◆ **Exercise aim**
Every record is to be copied unchanged, except that its pictures are removed.

BEGIN Provided information

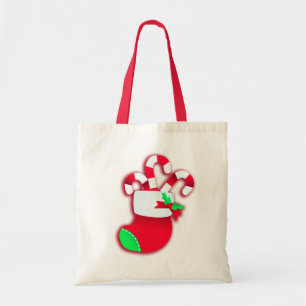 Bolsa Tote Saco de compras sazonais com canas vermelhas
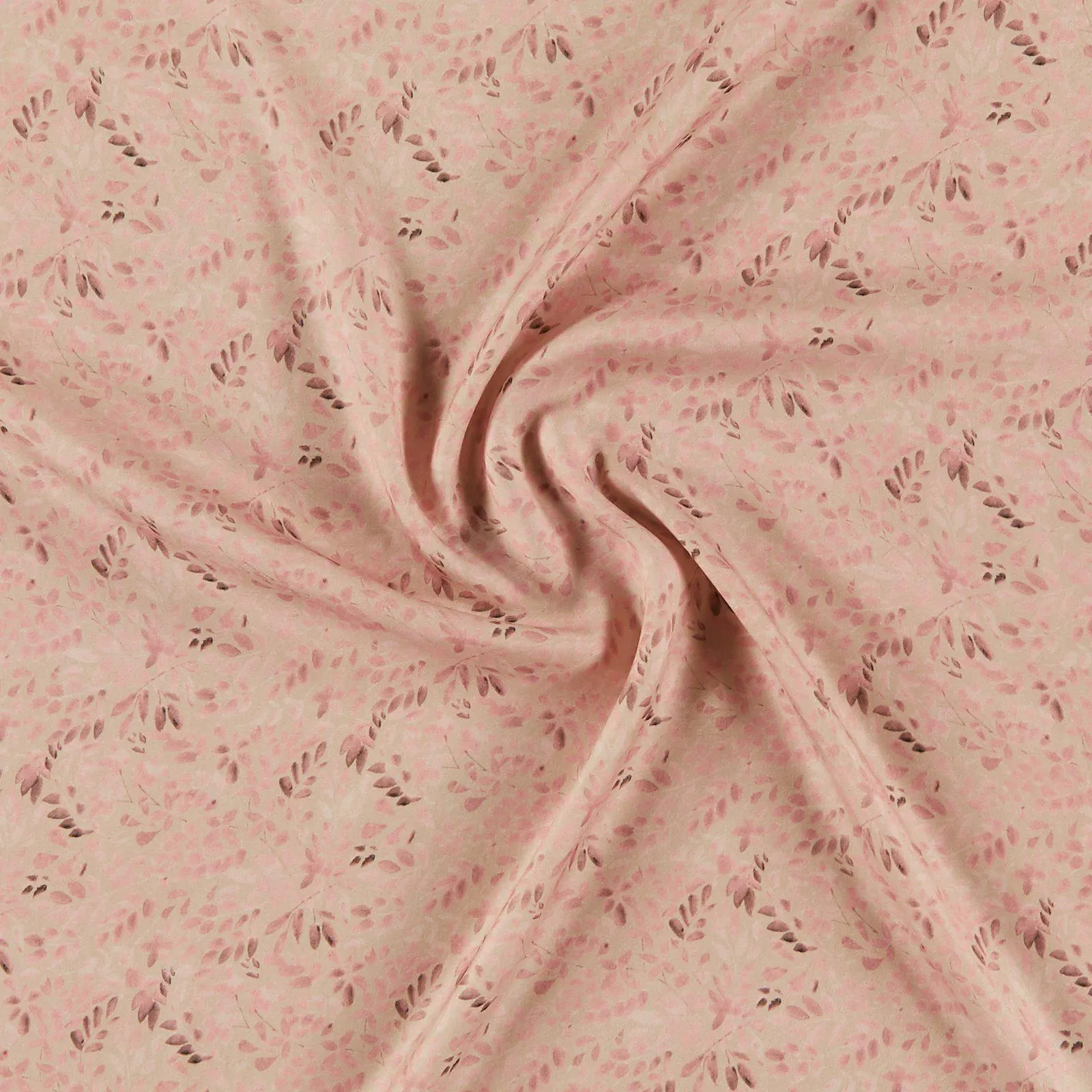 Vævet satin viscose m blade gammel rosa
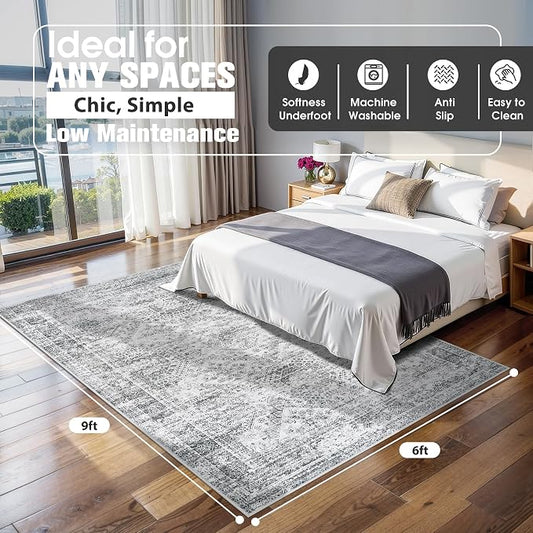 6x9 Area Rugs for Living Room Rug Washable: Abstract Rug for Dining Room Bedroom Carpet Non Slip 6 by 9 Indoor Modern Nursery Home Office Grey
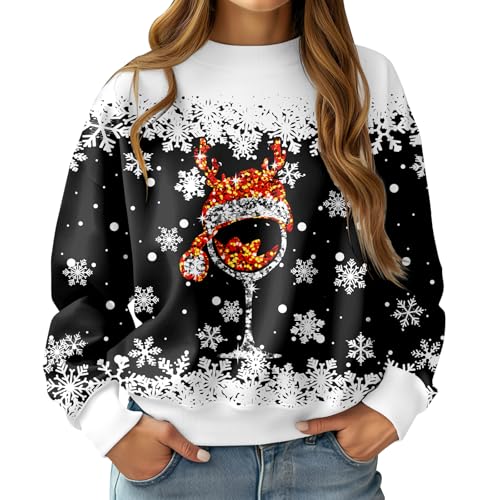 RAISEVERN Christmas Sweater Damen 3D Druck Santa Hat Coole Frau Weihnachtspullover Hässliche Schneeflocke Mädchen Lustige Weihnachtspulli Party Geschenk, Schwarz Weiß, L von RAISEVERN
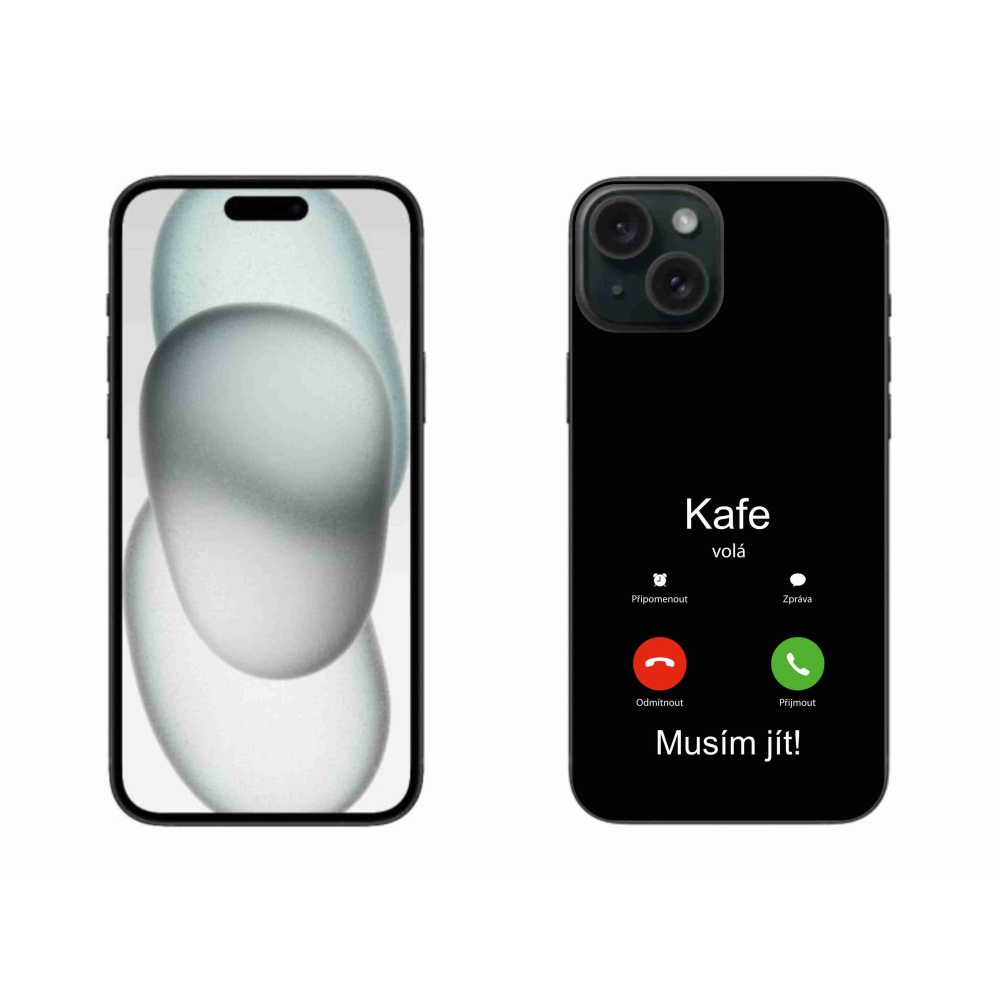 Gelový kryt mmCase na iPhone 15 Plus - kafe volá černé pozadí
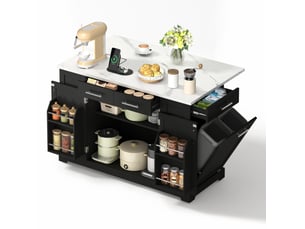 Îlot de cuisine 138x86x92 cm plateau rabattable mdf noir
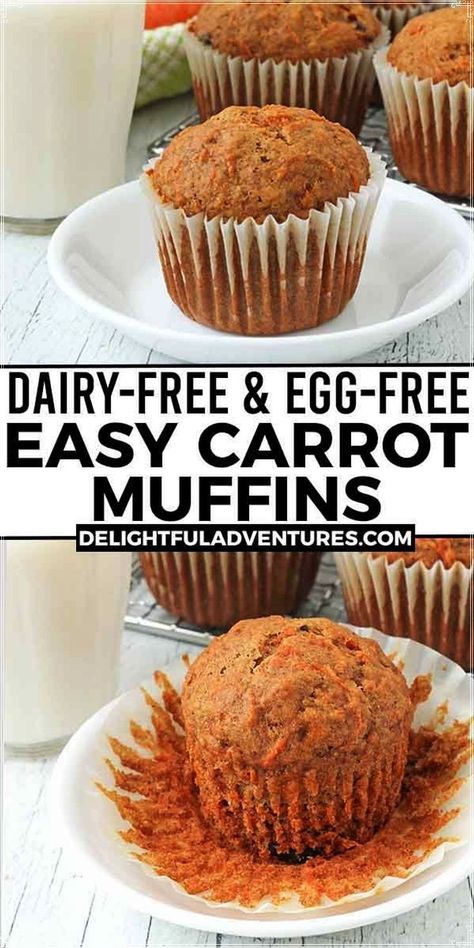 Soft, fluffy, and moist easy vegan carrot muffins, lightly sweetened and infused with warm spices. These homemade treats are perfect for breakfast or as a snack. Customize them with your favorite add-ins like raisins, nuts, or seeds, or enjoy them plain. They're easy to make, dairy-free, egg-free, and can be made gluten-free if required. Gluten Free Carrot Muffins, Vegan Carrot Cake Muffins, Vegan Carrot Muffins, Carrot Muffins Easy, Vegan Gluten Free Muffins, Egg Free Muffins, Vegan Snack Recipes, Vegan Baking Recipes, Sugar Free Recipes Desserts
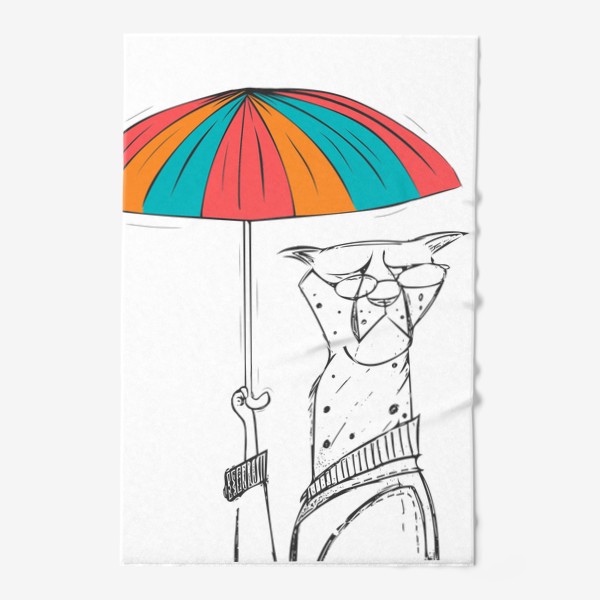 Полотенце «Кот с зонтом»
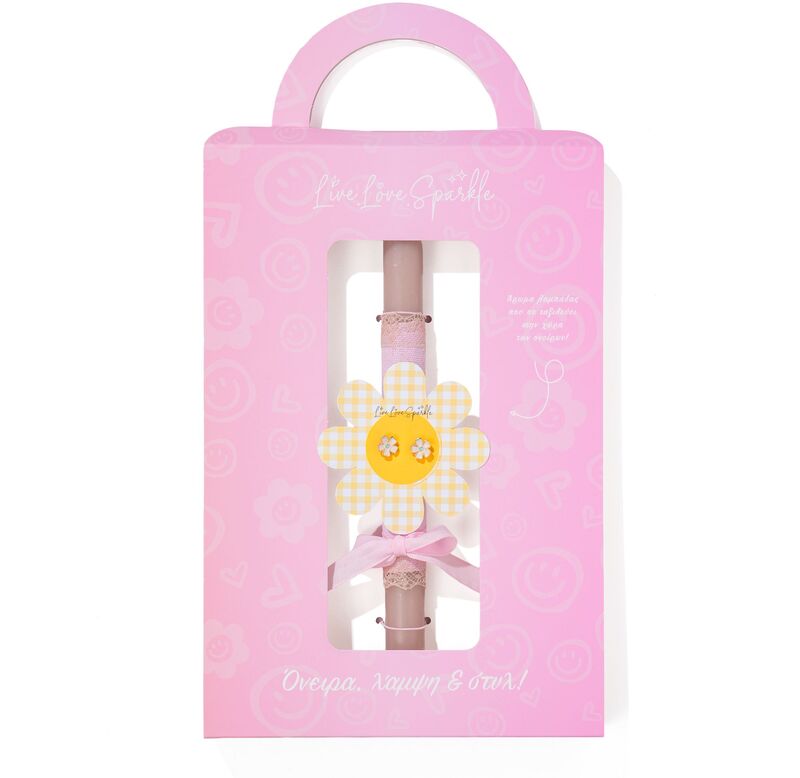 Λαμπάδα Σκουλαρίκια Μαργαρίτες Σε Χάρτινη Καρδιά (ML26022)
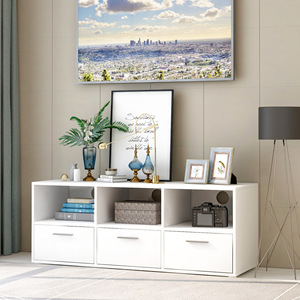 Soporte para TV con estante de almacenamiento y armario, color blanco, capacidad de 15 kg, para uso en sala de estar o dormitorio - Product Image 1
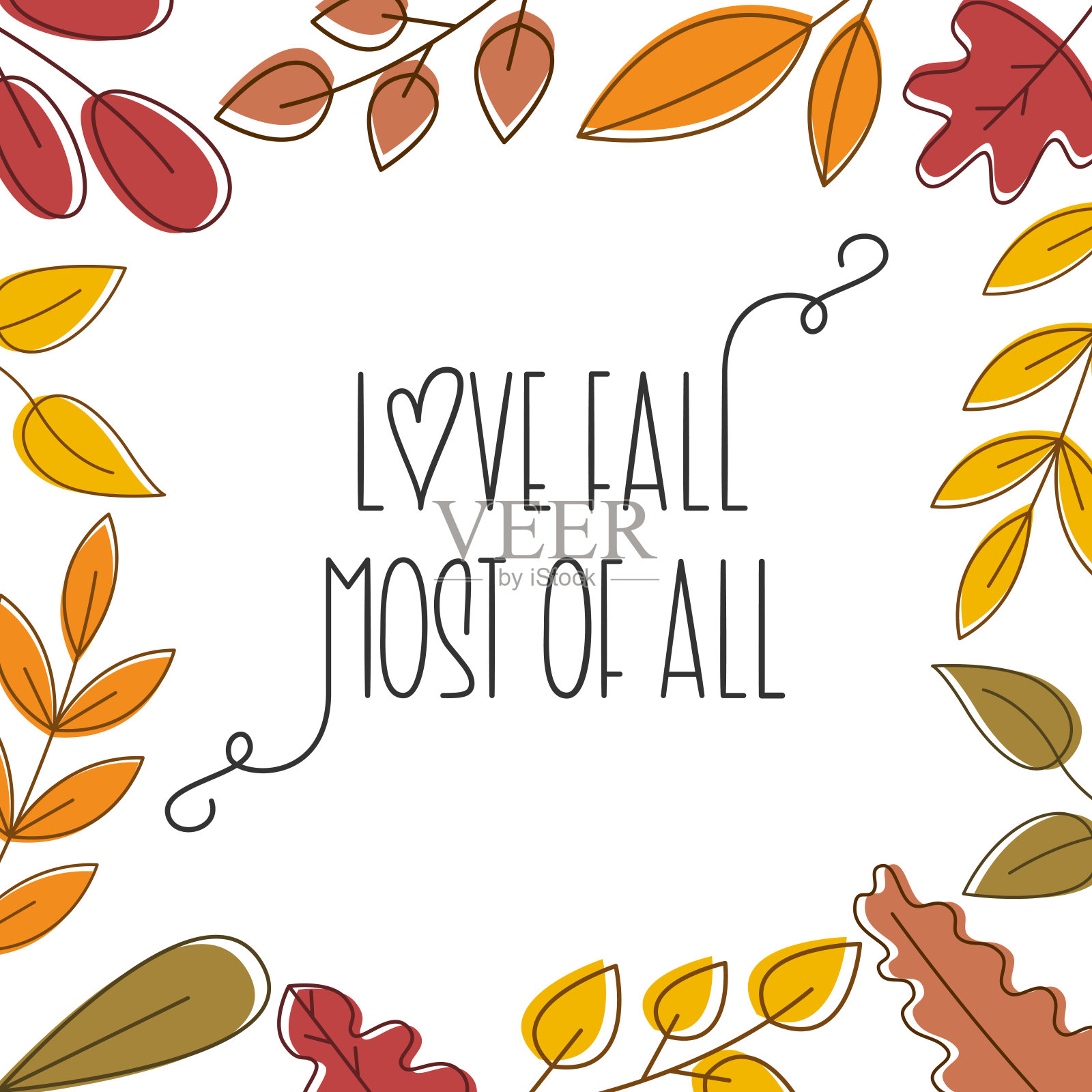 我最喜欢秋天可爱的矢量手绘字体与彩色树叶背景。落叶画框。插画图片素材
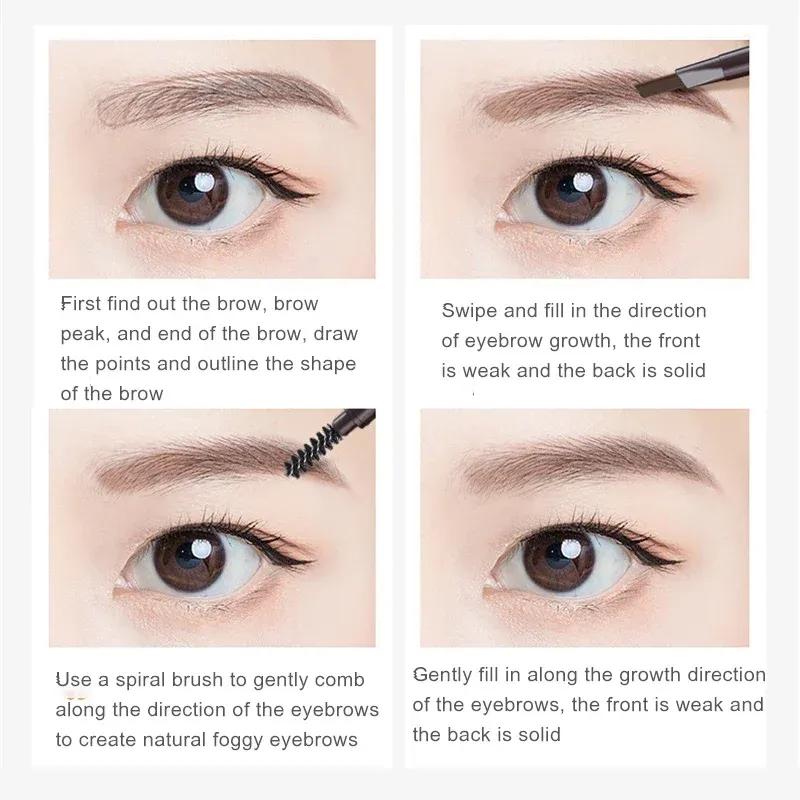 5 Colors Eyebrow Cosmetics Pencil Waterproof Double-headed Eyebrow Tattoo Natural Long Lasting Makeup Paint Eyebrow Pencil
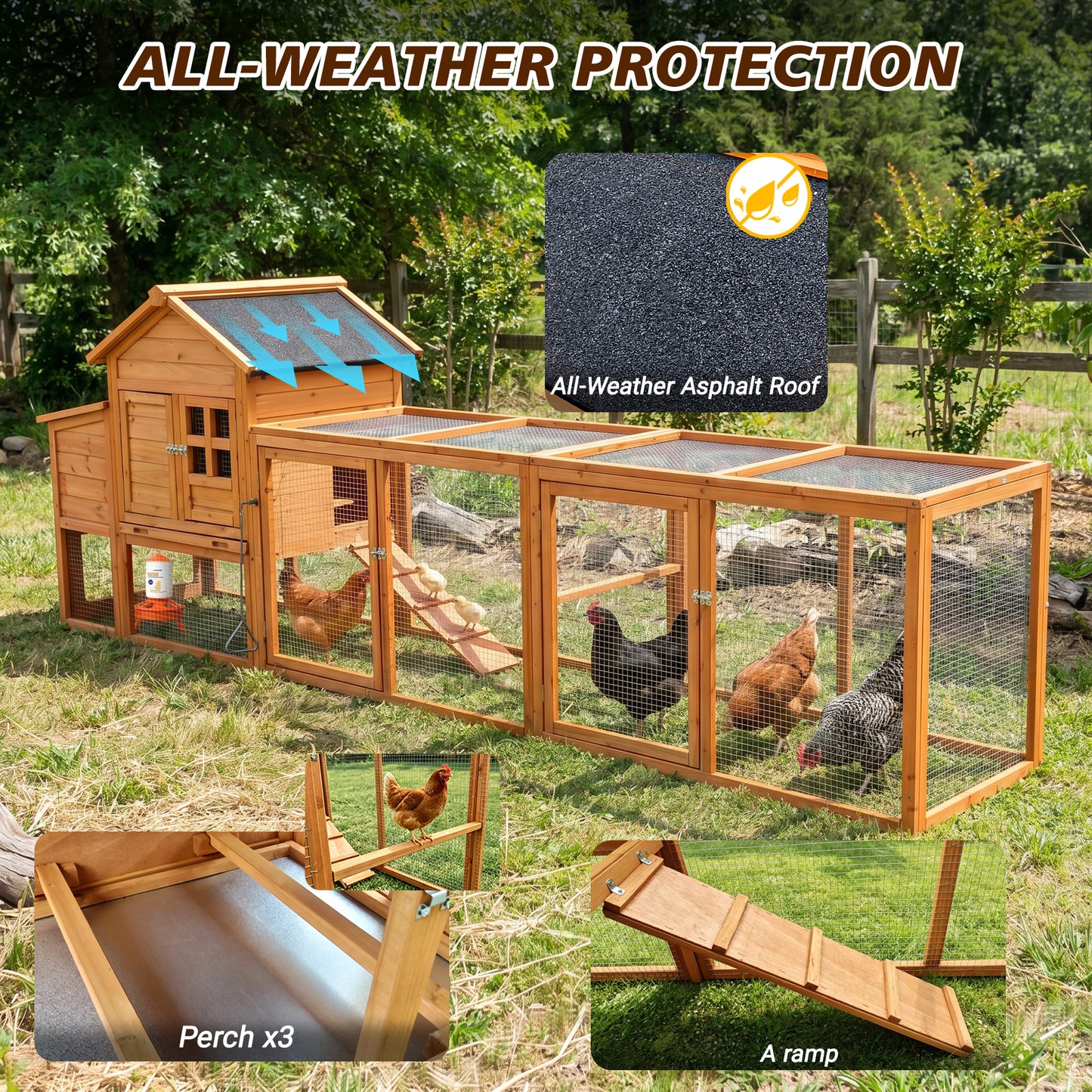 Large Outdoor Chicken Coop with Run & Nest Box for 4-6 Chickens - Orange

END Provided information

◆ **Response to this exercise**
 Bolsa Tote Saco de compras sazonais com canas vermelhas
 Vævet satin viscose m blade gammel rosa
 6x9 Area Rugs for Living Room Rug Washable: Abstract Rug for Dining Room Bedroom Carpet Non Slip 6 by 9 Indoor Modern Nursery Home Office Grey
 RAISEVERN Christmas Sweater Damen 3D Druck Santa Hat Coole Frau Weihnachtspullover Hässliche Schneeflocke Mädchen Lustige Weihnachtspulli Party Geschenk, Schwarz Weiß, L von RAISEVERN
 Gelový kryt mmCase na iPhone 15 Plus - kafe volá černé pozadí
 Îlot de cuisine 138x86x92 cm plateau rabattable mdf noir
 Soft, fluffy, and moist easy vegan carrot muffins, lightly sweetened and infused with warm spices. These homemade treats are perfect for breakfast or as a snack. Customize them with your favorite add-ins like raisins, nuts, or seeds, or enjoy them plain. They're easy to make, dairy-free, egg-free, and can be made gluten-free if required. Gluten Free Carrot Muffins, Vegan Carrot Cake Muffins, Vegan Carrot Muffins, Carrot Muffins Easy, Vegan Gluten Free Muffins, Egg Free Muffins, Vegan Snack Recipes, Vegan Baking Recipes, Sugar Free Recipes Desserts
 Полотенце «Кот с зонтом»
 Λαμπάδα Σκουλαρίκια Μαργαρίτες Σε Χάρτινη Καρδιά (ML26022)
 Soporte para TV con estante de almacenamiento y armario, color blanco, capacidad de 15 kg, para uso en sala de estar o dormitorio - Product Image 1
 我最喜欢秋天可爱的矢量手绘字体与彩色树叶背景。落叶画框。插画图片素材
 5 Colors Eyebrow Cosmetics Pencil Waterproof Double-headed Eyebrow Tattoo Natural Long Lasting Makeup Paint Eyebrow Pencil
 Large Outdoor Chicken Coop with Run & Nest Box for 4-6 Chickens - Orange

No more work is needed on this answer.